Enrichment module

The circtools enrichment module was implemented in order to combine circRNA data with positional data from other experiments, for example the eCLIP approach. The setup uses detected circRNA back splice junctions and thee corresponding location of circRNAs within the genome to test if positional features (e.g. eCLIP peaks) are significantly enriched within a circRNA compared to the remaining linear host gene.

_images/enrich_workflow.png

This may give hints to potential RBP sponge functions of circRNAs when they show significant enrichment of eCLIP peaks in the circRNA portion of the host gene.
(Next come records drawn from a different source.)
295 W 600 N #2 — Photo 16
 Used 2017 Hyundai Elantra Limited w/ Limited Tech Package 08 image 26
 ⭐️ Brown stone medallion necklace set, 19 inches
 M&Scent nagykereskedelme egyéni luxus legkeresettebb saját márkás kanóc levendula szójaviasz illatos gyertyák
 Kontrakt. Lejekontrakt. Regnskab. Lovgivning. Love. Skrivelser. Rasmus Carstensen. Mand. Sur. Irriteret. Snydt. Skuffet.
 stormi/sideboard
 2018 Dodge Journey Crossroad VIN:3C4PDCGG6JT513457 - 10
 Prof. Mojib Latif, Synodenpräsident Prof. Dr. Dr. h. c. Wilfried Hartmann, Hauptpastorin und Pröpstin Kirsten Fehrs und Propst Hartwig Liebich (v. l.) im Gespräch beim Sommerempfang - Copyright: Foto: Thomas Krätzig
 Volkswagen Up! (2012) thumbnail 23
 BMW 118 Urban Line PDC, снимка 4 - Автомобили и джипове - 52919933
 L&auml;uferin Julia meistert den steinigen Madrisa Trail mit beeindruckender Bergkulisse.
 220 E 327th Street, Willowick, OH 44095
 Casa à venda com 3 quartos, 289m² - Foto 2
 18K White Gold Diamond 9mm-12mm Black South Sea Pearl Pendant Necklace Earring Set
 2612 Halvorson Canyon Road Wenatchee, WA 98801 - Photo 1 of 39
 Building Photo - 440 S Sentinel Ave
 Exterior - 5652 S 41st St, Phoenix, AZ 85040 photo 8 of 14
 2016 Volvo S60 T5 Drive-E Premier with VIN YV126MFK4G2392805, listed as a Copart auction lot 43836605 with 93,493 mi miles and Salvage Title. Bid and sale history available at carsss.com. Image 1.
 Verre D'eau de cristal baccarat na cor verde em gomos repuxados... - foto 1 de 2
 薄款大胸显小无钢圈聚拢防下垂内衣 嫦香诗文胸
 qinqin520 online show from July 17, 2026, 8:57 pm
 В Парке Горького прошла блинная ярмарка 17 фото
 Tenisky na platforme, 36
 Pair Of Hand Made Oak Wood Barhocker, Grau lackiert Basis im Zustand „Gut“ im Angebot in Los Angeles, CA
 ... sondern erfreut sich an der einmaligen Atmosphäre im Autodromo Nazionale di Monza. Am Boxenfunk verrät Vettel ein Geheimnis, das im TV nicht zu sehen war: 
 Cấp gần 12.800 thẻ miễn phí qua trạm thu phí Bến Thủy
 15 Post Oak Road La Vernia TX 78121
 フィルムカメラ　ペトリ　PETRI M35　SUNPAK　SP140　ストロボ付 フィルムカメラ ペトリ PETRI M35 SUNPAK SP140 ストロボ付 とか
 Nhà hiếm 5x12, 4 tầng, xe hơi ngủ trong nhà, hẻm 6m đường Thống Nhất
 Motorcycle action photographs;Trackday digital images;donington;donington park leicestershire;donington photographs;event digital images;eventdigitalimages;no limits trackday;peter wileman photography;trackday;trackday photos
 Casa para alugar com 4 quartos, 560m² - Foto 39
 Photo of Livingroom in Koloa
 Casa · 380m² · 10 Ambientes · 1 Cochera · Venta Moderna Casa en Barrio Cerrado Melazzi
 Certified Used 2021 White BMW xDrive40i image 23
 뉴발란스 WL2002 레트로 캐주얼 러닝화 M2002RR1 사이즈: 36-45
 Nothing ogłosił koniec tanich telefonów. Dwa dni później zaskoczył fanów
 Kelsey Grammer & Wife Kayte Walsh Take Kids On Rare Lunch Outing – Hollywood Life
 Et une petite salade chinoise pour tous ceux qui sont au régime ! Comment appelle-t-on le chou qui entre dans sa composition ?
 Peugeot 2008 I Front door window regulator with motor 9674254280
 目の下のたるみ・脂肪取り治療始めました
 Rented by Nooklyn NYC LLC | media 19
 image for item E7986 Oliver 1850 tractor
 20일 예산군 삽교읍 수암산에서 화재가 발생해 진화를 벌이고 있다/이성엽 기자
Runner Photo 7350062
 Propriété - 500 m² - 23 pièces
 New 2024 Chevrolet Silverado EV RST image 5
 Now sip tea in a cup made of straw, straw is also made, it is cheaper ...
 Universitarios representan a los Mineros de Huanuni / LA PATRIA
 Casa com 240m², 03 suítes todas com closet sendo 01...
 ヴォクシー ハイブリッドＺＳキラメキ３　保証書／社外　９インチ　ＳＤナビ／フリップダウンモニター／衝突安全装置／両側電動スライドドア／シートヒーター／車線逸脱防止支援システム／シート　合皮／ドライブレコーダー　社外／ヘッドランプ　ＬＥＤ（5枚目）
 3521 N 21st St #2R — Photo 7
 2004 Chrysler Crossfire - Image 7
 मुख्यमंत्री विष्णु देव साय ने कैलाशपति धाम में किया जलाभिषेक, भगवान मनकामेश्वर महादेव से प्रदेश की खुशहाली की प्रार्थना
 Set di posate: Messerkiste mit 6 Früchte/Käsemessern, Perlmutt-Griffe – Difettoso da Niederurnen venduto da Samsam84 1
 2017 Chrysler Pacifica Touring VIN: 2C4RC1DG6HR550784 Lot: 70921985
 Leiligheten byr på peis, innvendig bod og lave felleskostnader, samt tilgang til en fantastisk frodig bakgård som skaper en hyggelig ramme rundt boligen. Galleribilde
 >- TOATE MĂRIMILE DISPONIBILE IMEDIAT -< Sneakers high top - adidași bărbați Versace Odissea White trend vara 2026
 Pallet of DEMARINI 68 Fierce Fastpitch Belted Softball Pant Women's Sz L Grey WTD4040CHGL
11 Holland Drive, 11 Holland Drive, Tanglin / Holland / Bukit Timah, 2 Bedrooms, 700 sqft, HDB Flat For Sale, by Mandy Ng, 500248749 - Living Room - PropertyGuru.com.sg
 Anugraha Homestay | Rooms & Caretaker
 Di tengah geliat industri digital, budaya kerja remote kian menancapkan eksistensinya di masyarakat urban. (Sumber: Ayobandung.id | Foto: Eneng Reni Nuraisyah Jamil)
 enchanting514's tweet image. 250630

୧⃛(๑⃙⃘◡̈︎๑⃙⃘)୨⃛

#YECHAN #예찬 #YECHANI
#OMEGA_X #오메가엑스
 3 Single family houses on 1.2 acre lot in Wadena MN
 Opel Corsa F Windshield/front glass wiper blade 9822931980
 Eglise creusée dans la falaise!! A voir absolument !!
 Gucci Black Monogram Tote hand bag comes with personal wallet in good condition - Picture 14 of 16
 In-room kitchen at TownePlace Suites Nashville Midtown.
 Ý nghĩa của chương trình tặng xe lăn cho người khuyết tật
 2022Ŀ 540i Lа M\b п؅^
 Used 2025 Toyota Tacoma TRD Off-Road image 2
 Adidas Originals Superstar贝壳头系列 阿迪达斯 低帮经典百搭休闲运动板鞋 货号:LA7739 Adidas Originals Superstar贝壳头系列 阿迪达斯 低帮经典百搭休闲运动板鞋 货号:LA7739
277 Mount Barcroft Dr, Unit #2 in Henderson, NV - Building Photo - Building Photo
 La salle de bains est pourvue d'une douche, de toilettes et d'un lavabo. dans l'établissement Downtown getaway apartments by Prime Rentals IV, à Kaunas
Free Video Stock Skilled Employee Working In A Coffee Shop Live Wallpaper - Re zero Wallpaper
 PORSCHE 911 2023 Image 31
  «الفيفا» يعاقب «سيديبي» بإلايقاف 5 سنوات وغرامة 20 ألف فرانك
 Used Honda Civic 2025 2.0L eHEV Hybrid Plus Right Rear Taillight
Required tools and packages

circtools enrich depends on bedtools as well as R and a some R packages for visualization purposes.

R packages:

  • ggplot2
  • ggrepel
  • data.table
  • reshape2
  • plyr
  • gridExtra

Python libraries:

  • pybedtools >= 0.7.10

Note

The enrichment circtools module as well as all R dependencies are automatically installed during the circtools installation procedure.

General usage

A call to circtools enrich --help shows all available command line flags:

usage: circtools [-h] -c CIRC_RNA_INPUT -b BED_INPUT -a ANNOTATION -g
                 GENOME_FILE [-o OUTPUT_DIRECTORY] [-i NUM_ITERATIONS]
                 [-p NUM_PROCESSES] [-t TMP_DIRECTORY] [-T THRESHOLD]
                 [-P PVAL] [-F OUTPUT_FILENAME] [-I INCLUDE_FEATURES]
                 [-k KEEP_TEMP]

circular RNA RBP enrichment tools

optional arguments:
  -h, --help            show this help message and exit

Required options:
  -c CIRC_RNA_INPUT, --circ-file CIRC_RNA_INPUT
                        Path to the CircRNACount file generated by DCC
  -b BED_INPUT, --bed-input BED_INPUT
                        One or more BED files containing features to overlap
  -a ANNOTATION, --annotation ANNOTATION
                        Genome reference annotation file used to not shuffle
                        into intragenic regions
  -g GENOME_FILE, --genome GENOME_FILE
                        Genome file for use with bedtools shuffle. See
                        bedtools man page for details.

Additional options:
  -o OUTPUT_DIRECTORY, --output OUTPUT_DIRECTORY
                        The output folder for files created by circtest
                        [default: .]
  -i NUM_ITERATIONS, --iterations NUM_ITERATIONS
                        Number of iterations for CLIP shuffling [default:
                        1000]
  -p NUM_PROCESSES, --processes NUM_PROCESSES
                        Number of threads to distribute the work to
  -t TMP_DIRECTORY, --temp TMP_DIRECTORY
                        Temporary directory used by pybedtools
  -T THRESHOLD, --threshold THRESHOLD
                        p-value cutoff
  -P PVAL, --pval PVAL  p-value cutoff
  -F OUTPUT_FILENAME, --output-filename OUTPUT_FILENAME
                        Defines the output file prefix [default: output]
  -I INCLUDE_FEATURES, --include-features INCLUDE_FEATURES
                        Defines the the features which should be used for
                        shuffling. May be specified multiple times. [default:
                        all - shuffle over the whole genome]
  -k KEEP_TEMP, --keep-temp KEEP_TEMP
                        Keep temporary files created by circtools/bedtools
                        [default: no]

Sample call

circtools enrich -c hepg2_flanking_introns_2k.bed -b AGGF1_HepG2_intersect.bed -a genes_and_introns.gtf -g hg38.chrom.sizes -i 2000 -I intron -p 20 -P 1 -T 1 -o out/ -F AGGF1_HepG2_intersect_intron_flanking -t /tmp/

This call to circtools enrich will produce output similar to the one shown below. The run time depends on the size of the circRNA dataset as well as the number of peaks used for the analysis.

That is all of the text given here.